■ EXERCISE PROMPT
Set every line of the data down again exactly, and keep the pictures out.

■ DATA
++++++++++++++++++++

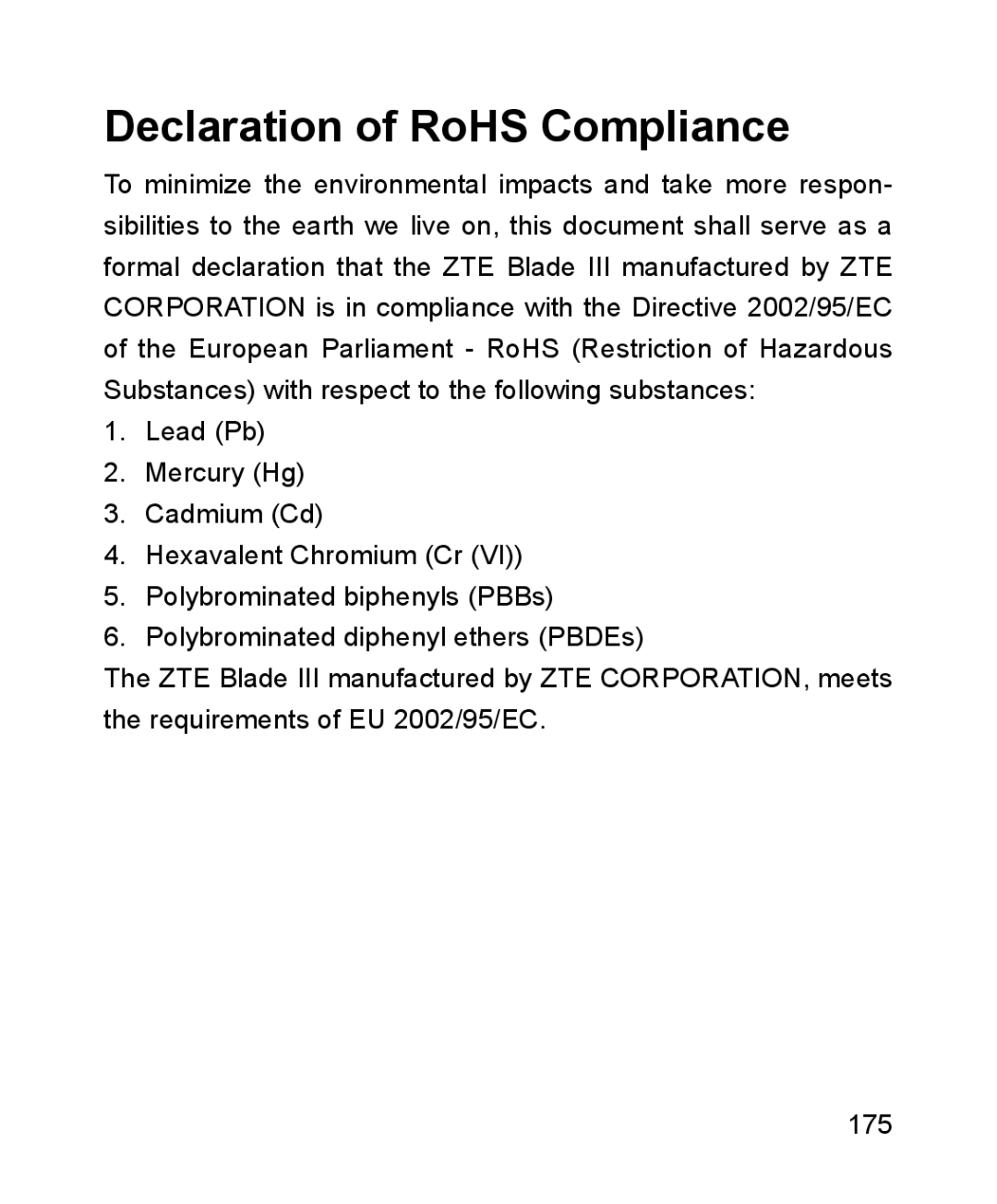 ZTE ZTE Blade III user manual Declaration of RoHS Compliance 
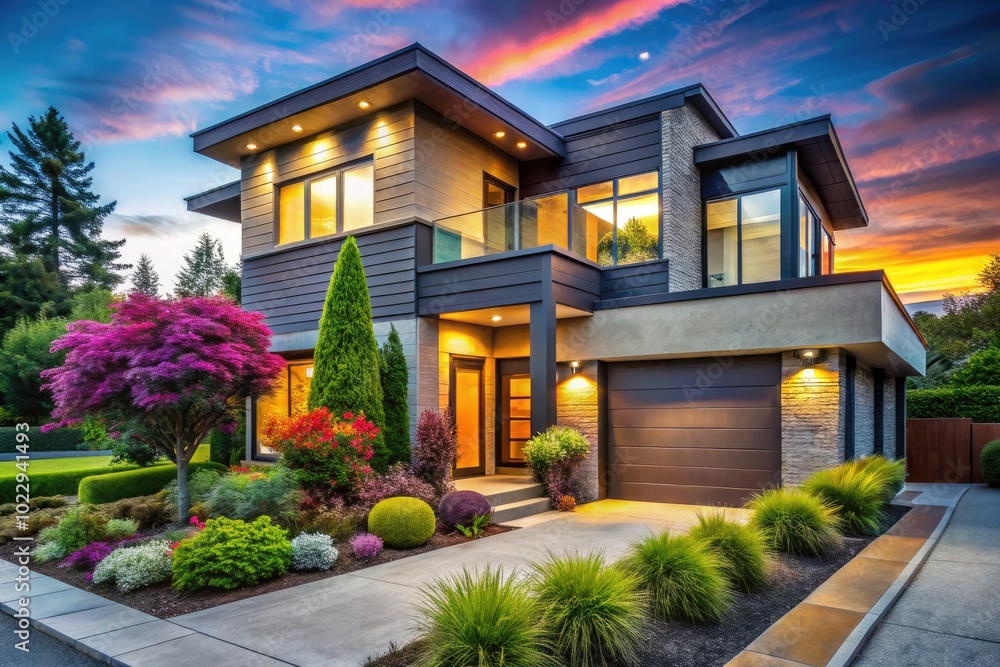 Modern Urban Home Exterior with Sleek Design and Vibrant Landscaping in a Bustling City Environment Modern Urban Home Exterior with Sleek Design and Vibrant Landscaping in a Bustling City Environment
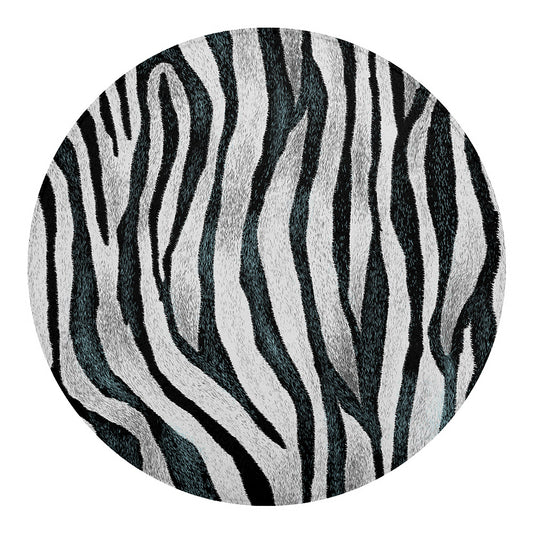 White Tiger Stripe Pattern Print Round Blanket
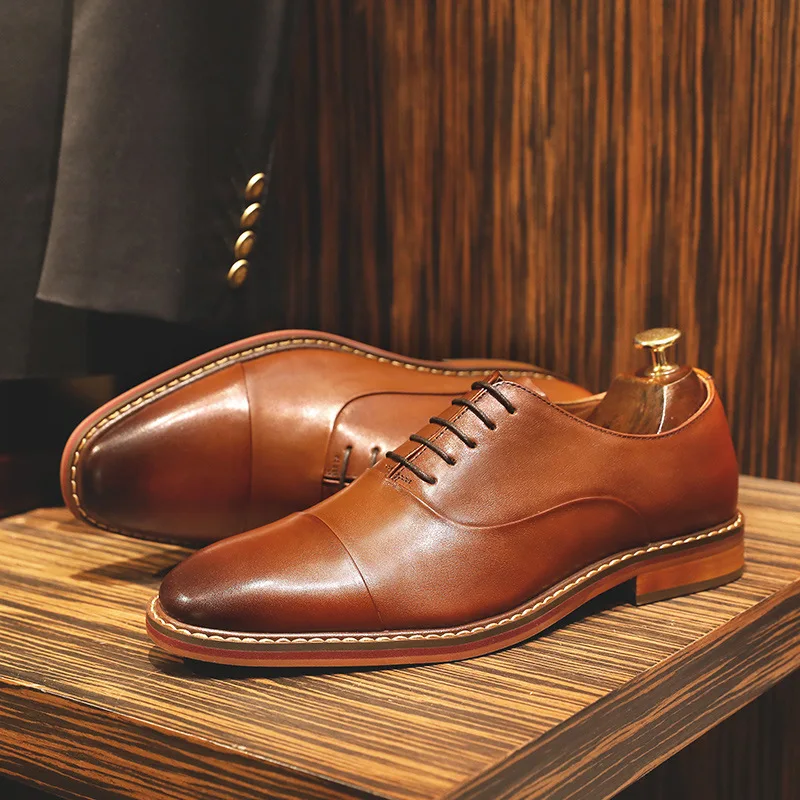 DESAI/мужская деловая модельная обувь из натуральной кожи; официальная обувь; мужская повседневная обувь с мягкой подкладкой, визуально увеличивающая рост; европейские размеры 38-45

++++++++++++++++++++

■ SOLUTION
 ZTE ZTE Blade III user manual Declaration of RoHS Compliance 
 Modern Urban Home Exterior with Sleek Design and Vibrant Landscaping in a Bustling City Environment Modern Urban Home Exterior with Sleek Design and Vibrant Landscaping in a Bustling City Environment
 White Tiger Stripe Pattern Print Round Blanket
 DESAI/мужская деловая модельная обувь из натуральной кожи; официальная обувь; мужская повседневная обувь с мягкой подкладкой, визуально увеличивающая рост; европейские размеры 38-45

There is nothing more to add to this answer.